In order to avoid the inevitable argument as to whether or not the younger Mathieu's works were influenced or even bear the helping hand of his father, let me place here one of Rodolphe's more famous works, trois préludes, which he originally composed for the piano in 1915 and later orchestrated. Notice the modern flavour of the works - nothing close to the romantic lines espoused by his son:
As you can well imagine, we get into an all-too familiar scenario: little André is paraded and displayed for all to see, and becomes the talk of the town. Such was his notoriety that he was given a grant by the Quebec government to study piano and composition in Paris (as had his father a decade or so earlier). So an eight year-old Mathieu and his family would live in Paris during the year, and return to their Montreal home for the Summer. At a time where well-to-do households would have a monthly income of $1000, Mathieu would perform for $1000 a coincert!

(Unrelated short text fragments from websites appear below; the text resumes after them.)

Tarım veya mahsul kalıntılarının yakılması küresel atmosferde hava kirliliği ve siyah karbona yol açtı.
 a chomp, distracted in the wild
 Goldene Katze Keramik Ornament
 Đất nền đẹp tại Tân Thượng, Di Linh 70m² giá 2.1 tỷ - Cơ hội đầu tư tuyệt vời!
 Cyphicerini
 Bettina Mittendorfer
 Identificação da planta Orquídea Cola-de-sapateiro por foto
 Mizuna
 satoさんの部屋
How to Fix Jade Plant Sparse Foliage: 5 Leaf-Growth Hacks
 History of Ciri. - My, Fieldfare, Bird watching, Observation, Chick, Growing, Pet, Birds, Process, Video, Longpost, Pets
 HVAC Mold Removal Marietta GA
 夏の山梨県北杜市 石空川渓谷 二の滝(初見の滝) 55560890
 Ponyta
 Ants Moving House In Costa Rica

And this continued for a few years until the outbreak of the World War II kept them from returning to their Parisian lifestyle. All is not lost, however, as a tween Mathieu goes and studies at Columbia University, and begins seducing New-York, winning the Philharmonic’s centenary composer’s competition (with his Concertino no. 2), and receiving the adulation of Albert Einstein and Sergei Rachmaninov. There was a short stint in Europe (1946-47) where Mathieu studied with Arthur Honegger, but then the trail goes cold...
For whatever reason, we find a late teenage Mathieu in Montreal, living what Jacques Languirand (playwright, broadcaster and acquaintance of the composer) describes as a life in suspended animation. “When Mathieu needed a shirt”, Languirand reports in an interview, “his mother took it out of his trunk, as it was still expected that they would be going back to Paris.”
The opportunity never materialized. Mathieu and his family, according to Languirand, lived in this state of suspended animation for nearly 10 years. Sad, if not pathetic.
What of Mathieu, then? He continued to practice, he continued to think of music, but he also grew restless, and turned to Montreal’s night life, and alcohol. Mathieu, when he hadn’t yet reached the age of 21, would sneak into bars and would befriend patrons, bartenders and some of the local performers – one of them being Vic Vogel, a man who will have a say in Mathieu’s life story in a large way, as we will later discover.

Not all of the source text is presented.